Saturday, February 23, 2008

Sometimes you can't even give it away

Craiglist provides a fantastic service: it's free, relatively easy to use, and reaches a much wider audience than many free classified ad services. The problem is that it attracts an absolutely bizarre clientele.

I've been wanting to get a new mattress, and the move provided me with a good excuse to make the switch: rather than shipping my old one back across the country I could get rid of it here and buy new once I'm back East. An 8 year old mattress isn't worth a whole lot, so I posted it on Craigslist as being free for whoever wanted to pick it up. I got a response pretty quickly, and we agreed she would come last weekend.

Nothing.

So I re-posted the ad on Monday figuring that I had just found one of the flakey people who cruise CL. On Tuesday I got an email from the girl apologizing for not checking her messages and telling me she still wanted the mattress. I responded that she needed to come on Wednesday night, and she agreed.

Until Wednesday, when I got a text message (really, her only method of communication) saying she wasn't sure if she could come by. Specifically, she said this:

Hey! I haven't checked messages yet, wast sure if u called! im at a police station now or wld call u bk! how late can I get it?

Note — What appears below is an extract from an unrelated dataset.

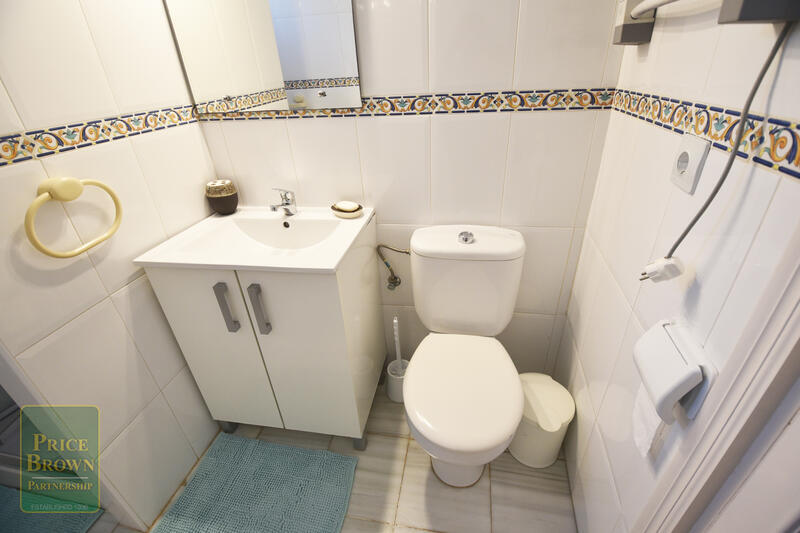 OR: Apartment for Rent in Mojácar, Almería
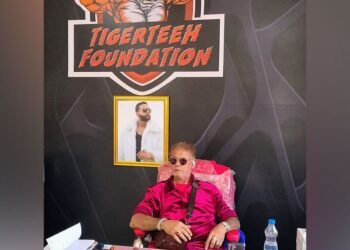 Hanif Panchbhaya: The Heart and Soul Behind TIGERTEEH FOUNDATION’s Compassionate Outreach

Now, I'm not an expert, but I think that being at a police station indicates something is "up". Especially when this is the followup message:

I dont know how long i am going to have to be here since i am helping a friend report something. is there any possible way that time tomorrow i cld get it?

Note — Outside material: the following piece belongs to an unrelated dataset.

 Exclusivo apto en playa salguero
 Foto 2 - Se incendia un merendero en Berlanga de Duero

Dicey. So I decided to donate the mattress rather than dealing with the CL flakes (probably the most connected flakey population on earth). I called the Salvation Army, and they promised to stop by on Thursday morning. Which they did, only to tell me that my mattress doesn't meet their standards. If you have ever felt ashamed by a piece of furniture try having the Salvation Army tell you that your mattress can't even be given away.

At the end of the day I had to call 1-800-GOT-JUNK, which is a pricey but good service. Unfortunately they do not have employees who understand geometry, and so coaching them on how to get my box spring into the elevator was, to say the least, a chore. At one point they decided to try and break the box spring in half rather than backing out and putting it in the way that it would fit.